To give you some examples of how you might achieve this:

  • Implement a custom /proc device with an important looking name, let's say /proc/gpuinfo. Okay, that's a little obvious, but you get the idea - at a communication endpoint via /proc (procfs is one meta file system in Linux that lets you communicate with userland) or /sys or /dev that wouldn't normally be there, but that a sysadmin would think is normal.

    If you look through the rkhunter logs, you'll see it looking for these.

  • Modify the entry of one of the above items to respond to something it normally wouldn't. Most device entries respond to different codes telling them to do something - this is especially true in /dev. Add an obscure code to this as your communication mechanism.

    On Windows systems, you can achieve the same thing with filter drivers, or patching the driver object of the target, take your pick (but filter drivers are more stable).

    A detection mechanism would be to try spurious device codes on devices that don't (normally) respond to these. If you get anything other than the relevant "Not implemented" error code on your system, something strange is going on.

  • Mounting your system drive on a different PC turns up a different filesystem size than you expect, or files you couldn't see before.
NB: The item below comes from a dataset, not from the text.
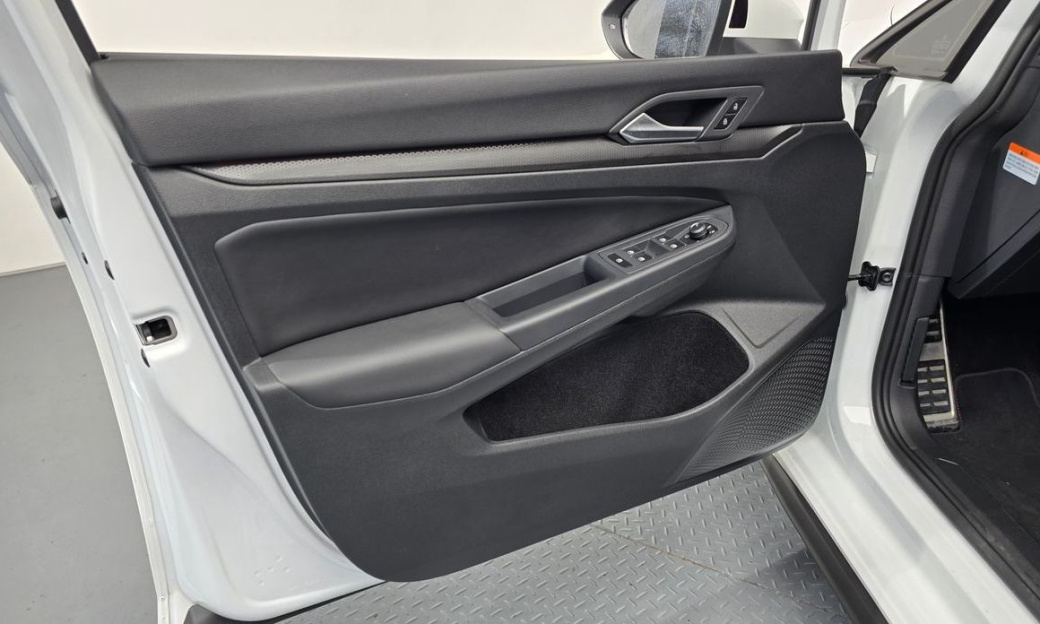 Volkswagen Golf 2.0 GTI, 2024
Be aware the different file system size isn't in and of itself a symtom of a rootkit, since some Windows editions still use disk geometry and... yeah don't panic straight away, but one in the wild rootkit I can't remember the name of created an encrypted filesystem at the end of your NTFS volume, handily shrinking your disk for you. Similarly, a common rootkit behaviour is to remove file entries from appearing in the FS on the live system (to hide them).

Unfortunately, there aren't generic red flags for rootkits in general - the battle is more cat-and-mouse. As soon as rootkit authors realise scanners are able to detect one type of communication channel or hook, they will change strategy.

Can they see everything you do?

Rootkit in the term I tend to think of it as, i.e. a kernel-level attack whose purpose is to maintain the intrusion on your system generally will be able to, yes, as the kernel manages the entire system and the rootkit will have the same privilege. There are some defences; modern Windows and some Linux distributions enforce signed kernel drivers/modules and may enforce this. This moves the attack vector to the boot sequence (before the kernel has a chance to enforce anything), which UEFI secure boot is designed to address.

You didn't ask this, but I'm going to make the point anyway. Usually, unless your system policy is a little insane, inserting kernel modules/drivers requires administrator rights. Therefore, to install a rootkit, the attacker must conduct a privilege escalation attack in the first place. Doing your utmost to ensure this cannot happen is the way to defend against rootkits.

Aside 1: rootkits do not have to be in kernel land, nor do interception-like malware. It is possible to achieve this without kernel drivers. If the user in question is not an administrator, the damage is usually more limited.